--- Input data ---
============================================================
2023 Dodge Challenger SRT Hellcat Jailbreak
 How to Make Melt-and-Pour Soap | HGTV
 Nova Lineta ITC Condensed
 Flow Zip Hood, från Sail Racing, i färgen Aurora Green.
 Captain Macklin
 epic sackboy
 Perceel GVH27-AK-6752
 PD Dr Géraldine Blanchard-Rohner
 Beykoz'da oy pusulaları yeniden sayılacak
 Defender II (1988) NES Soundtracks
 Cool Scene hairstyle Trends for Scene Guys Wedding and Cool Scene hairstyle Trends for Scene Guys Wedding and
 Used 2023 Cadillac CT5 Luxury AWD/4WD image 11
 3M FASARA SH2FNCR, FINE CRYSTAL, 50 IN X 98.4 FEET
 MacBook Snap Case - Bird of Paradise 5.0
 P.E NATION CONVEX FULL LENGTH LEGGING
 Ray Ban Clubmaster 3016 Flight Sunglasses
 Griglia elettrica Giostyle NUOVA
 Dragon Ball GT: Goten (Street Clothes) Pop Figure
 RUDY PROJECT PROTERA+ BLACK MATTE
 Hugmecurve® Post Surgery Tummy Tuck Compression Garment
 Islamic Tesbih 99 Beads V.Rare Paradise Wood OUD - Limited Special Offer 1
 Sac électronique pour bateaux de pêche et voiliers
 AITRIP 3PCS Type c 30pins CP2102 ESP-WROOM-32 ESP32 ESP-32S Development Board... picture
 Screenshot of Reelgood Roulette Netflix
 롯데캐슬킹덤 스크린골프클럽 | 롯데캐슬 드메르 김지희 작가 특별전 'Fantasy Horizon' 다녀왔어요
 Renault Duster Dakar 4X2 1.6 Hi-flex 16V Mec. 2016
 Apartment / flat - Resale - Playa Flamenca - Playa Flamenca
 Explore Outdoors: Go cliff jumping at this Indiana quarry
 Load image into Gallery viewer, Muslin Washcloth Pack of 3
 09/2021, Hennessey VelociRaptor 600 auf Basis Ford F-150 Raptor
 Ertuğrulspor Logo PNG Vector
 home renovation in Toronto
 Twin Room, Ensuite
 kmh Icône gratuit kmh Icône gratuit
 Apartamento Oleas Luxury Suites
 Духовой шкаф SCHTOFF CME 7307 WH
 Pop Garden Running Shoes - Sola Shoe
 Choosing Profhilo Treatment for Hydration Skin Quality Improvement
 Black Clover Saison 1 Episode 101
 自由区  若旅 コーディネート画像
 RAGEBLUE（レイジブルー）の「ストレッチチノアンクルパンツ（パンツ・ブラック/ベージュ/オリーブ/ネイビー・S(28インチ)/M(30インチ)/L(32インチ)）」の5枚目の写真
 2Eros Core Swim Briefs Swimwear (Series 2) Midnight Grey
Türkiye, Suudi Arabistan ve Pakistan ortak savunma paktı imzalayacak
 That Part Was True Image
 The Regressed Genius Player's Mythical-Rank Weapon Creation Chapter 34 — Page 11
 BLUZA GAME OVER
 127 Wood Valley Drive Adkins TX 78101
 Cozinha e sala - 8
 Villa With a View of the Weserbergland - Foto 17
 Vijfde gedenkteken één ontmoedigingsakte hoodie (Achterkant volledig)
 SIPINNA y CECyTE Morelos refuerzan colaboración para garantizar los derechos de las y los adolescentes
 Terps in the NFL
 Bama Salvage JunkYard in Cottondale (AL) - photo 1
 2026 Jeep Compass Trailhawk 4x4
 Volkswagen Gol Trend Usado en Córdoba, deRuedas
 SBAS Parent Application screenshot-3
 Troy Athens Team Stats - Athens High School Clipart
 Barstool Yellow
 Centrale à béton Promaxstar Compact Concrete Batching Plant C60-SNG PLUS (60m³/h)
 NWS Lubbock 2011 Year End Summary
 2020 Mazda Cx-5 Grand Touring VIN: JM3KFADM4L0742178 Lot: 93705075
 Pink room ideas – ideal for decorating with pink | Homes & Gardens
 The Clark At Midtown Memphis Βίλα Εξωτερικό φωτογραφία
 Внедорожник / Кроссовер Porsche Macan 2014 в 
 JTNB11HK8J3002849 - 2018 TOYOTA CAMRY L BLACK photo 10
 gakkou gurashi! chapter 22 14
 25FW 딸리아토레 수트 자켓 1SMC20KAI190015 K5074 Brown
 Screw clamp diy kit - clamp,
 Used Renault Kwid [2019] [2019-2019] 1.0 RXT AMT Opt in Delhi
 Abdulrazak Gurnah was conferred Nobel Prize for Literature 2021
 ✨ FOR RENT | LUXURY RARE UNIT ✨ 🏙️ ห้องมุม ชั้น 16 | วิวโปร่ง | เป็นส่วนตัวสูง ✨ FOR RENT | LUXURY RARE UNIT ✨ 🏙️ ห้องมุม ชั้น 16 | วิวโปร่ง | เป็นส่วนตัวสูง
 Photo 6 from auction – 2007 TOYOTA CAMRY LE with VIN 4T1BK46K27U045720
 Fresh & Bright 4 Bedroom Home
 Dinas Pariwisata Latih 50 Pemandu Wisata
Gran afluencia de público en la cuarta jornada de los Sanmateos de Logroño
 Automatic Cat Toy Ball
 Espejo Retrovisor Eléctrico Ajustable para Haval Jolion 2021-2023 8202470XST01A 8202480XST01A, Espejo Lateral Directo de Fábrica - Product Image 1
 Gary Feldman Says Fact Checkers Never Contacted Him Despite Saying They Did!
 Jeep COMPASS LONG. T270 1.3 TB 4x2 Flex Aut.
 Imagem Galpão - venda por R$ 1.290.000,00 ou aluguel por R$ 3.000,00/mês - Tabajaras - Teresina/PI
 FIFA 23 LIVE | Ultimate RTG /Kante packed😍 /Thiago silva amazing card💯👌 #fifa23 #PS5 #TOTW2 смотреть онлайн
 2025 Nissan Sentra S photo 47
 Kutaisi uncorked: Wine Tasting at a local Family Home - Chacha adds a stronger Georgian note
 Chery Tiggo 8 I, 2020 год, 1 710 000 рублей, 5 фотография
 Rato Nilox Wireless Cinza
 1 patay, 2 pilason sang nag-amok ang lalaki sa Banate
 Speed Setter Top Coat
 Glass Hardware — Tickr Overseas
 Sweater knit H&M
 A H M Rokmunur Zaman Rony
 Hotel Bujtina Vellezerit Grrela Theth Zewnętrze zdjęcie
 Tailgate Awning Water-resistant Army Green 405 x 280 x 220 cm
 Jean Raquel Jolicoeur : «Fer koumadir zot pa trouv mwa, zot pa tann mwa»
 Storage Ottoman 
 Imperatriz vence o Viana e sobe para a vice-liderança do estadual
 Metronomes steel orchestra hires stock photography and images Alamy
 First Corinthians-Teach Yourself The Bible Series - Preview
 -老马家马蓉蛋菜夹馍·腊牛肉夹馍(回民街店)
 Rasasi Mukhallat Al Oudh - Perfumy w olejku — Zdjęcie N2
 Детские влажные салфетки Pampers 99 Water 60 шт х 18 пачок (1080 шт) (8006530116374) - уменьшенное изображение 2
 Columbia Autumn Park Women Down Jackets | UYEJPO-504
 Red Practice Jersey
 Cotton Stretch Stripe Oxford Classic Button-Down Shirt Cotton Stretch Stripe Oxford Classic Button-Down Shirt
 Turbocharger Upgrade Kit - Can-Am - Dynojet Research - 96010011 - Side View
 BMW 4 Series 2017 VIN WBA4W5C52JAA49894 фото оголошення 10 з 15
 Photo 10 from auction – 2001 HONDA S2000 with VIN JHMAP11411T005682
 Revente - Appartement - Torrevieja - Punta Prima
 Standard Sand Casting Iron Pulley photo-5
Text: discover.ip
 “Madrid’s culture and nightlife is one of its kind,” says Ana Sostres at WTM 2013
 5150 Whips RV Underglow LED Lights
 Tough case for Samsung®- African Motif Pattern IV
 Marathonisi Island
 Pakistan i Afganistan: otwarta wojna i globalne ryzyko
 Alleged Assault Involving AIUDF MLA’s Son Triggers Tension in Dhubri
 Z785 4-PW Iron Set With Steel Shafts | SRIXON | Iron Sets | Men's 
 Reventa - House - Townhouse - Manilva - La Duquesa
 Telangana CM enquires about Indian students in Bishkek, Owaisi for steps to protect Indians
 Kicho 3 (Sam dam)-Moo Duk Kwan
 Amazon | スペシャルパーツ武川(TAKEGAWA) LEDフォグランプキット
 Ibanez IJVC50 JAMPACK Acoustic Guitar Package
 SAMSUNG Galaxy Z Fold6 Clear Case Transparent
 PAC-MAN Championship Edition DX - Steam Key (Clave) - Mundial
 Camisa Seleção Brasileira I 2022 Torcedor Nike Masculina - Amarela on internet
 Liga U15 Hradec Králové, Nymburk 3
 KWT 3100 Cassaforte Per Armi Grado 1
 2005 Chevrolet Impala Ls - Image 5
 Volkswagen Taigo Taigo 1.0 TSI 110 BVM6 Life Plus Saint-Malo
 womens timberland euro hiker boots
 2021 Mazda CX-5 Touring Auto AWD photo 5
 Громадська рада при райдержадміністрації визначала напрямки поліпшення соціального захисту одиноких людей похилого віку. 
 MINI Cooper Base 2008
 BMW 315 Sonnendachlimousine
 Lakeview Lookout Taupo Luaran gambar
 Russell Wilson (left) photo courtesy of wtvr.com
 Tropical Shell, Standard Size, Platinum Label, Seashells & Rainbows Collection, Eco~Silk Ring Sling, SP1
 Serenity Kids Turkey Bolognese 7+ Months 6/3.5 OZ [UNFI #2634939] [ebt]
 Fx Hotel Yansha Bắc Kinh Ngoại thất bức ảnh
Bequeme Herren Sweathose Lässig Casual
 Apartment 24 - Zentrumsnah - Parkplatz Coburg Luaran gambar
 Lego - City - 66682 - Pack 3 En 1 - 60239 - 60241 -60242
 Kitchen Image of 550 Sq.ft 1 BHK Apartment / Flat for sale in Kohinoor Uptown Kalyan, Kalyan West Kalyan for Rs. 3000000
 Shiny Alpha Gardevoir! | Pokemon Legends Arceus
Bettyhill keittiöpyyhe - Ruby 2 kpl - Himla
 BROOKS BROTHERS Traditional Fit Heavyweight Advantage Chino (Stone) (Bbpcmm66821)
============================================================
Using the data above, reproduce exactly the lines from the line that contains "-老马家马蓉蛋菜夹馍·腊牛肉夹馍(回民街店)" through the line that contains "Revente - Appartement", including both.

 -老马家马蓉蛋菜夹馍·腊牛肉夹馍(回民街店)
 Rasasi Mukhallat Al Oudh - Perfumy w olejku — Zdjęcie N2
 Детские влажные салфетки Pampers 99 Water 60 шт х 18 пачок (1080 шт) (8006530116374) - уменьшенное изображение 2
 Columbia Autumn Park Women Down Jackets | UYEJPO-504
 Red Practice Jersey
 Cotton Stretch Stripe Oxford Classic Button-Down Shirt Cotton Stretch Stripe Oxford Classic Button-Down Shirt
 Turbocharger Upgrade Kit - Can-Am - Dynojet Research - 96010011 - Side View
 BMW 4 Series 2017 VIN WBA4W5C52JAA49894 фото оголошення 10 з 15
 Photo 10 from auction – 2001 HONDA S2000 with VIN JHMAP11411T005682
 Revente - Appartement - Torrevieja - Punta Prima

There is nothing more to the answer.